Ces massacres, qui sont constitutifs de génocide selon nombre de juristes internationaux et d’organisations de défense des droits humains, nous concernent et nous impliquent directement.
Ils nous impliquent comme citoyennes et citoyens de l’Union européenne. L’Europe ne peut rester indifférente à ce carnage qui se déroule à ses portes. Malgré son ampleur que plus personne ne peut ignorer, elle n’a pris aucune mesure de rétorsion. Elle n’a pas suspendu son accord d’association avec Israël, n’a pas interdit les livraisons d’armes, n’a pas rappelé son personnel diplomatique, n’a pris aucune mesure contre les colons violents dont de nombreux binationaux. L’inaction persistante de nos États face à ces massacres revient à un aveu de complicité. Elle nous fait honte.
Ils nous impliquent comme Juives et Juifs. La confusion entre l’État d’Israël et les Juives et Juifs du monde entier est entretenue de toutes parts. Pour une grande partie de l’opinion publique, être juif, être juive, c’est soutenir aveuglément l’État d’Israël quoi qu’il fasse. C’est là une des causes majeures de la résurgence de l’antisémitisme.
Les communautés juives ne sont pas monolithiques. Elles présentent une diversité d’opinions comme tous les groupes humains. Mais, sur tous les continents, à commencer par les États-Unis qui hébergent la communauté juive la plus importante hors d’Israël, de plus en plus de Juives et de Juifs affirment désormais « Pas en notre nom ». Nous en sommes.
Nous ne renions rien. Beaucoup d’entre nous ont des trajectoires familiales qui les rendent proches de la population juive d’Israël. Nous avons été révulsé·es par l’attaque terroriste menée par le Hamas le 7 octobre 2023. Nous restons solidaires des familles israéliennes qui attendent, dans l’angoisse et l’espoir, le retour des otages encore détenus. Mais cela ne saurait justifier que nous gardions le silence devant les crimes commis depuis lors.
Face à ces crimes, nous disons donc « Pas en notre nom ».
Nous disons « Pas en notre nom » aux autorités belges et européennes qui s’efforcent de ménager un État gouverné par l’extrême droite et choyé par tout ce que le monde compte aujourd’hui de fascistes. Huit décennies après la Libération, alors qu’on martèle « Plus jamais ça » comme un mantra, nous qui sommes les descendant·es de rescapé·es du plus grand génocide perpétré sur le sol européen, nous refusons que notre mémoire soit instrumentalisée pour justifier l’injustifiable.
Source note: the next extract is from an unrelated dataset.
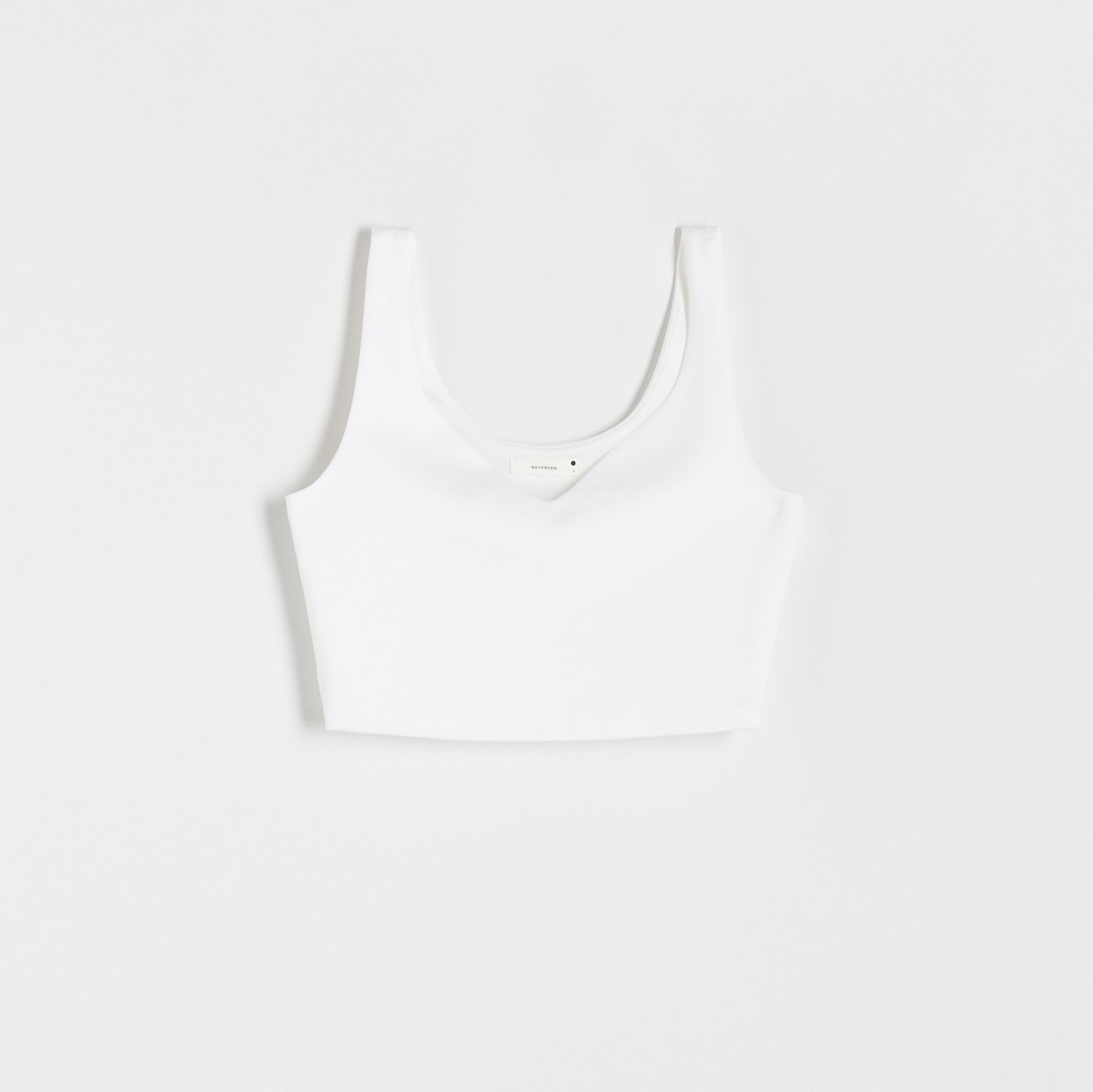 Reserved - Viskózový crop top - Biela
Nous disons « Pas en notre nom » à nos concitoyen·nes qui se sentent en sympathie avec la cause palestinienne. Nous partageons leur aspiration à la justice sur cette terre meurtrie, une justice qui suppose la fin de la colonisation et de l’occupation, des poursuites contre les criminels de guerre et la pleine égalité des droits individuels et collectifs pour les deux peuples présents entre la Méditerranée et le Jourdain, selon des formes qu’ils détermineront eux-mêmes.
Comme Juifs et Juives de Belgique, nous appelons notre gouvernement et les responsables politiques européens à cesser toute complaisance à l’égard d’un État criminel et à lui imposer des sanctions en proportion avec la gravité des crimes commis.
L’Histoire jugera. Il est encore temps de choisir le camp de la justice et de l’humanité.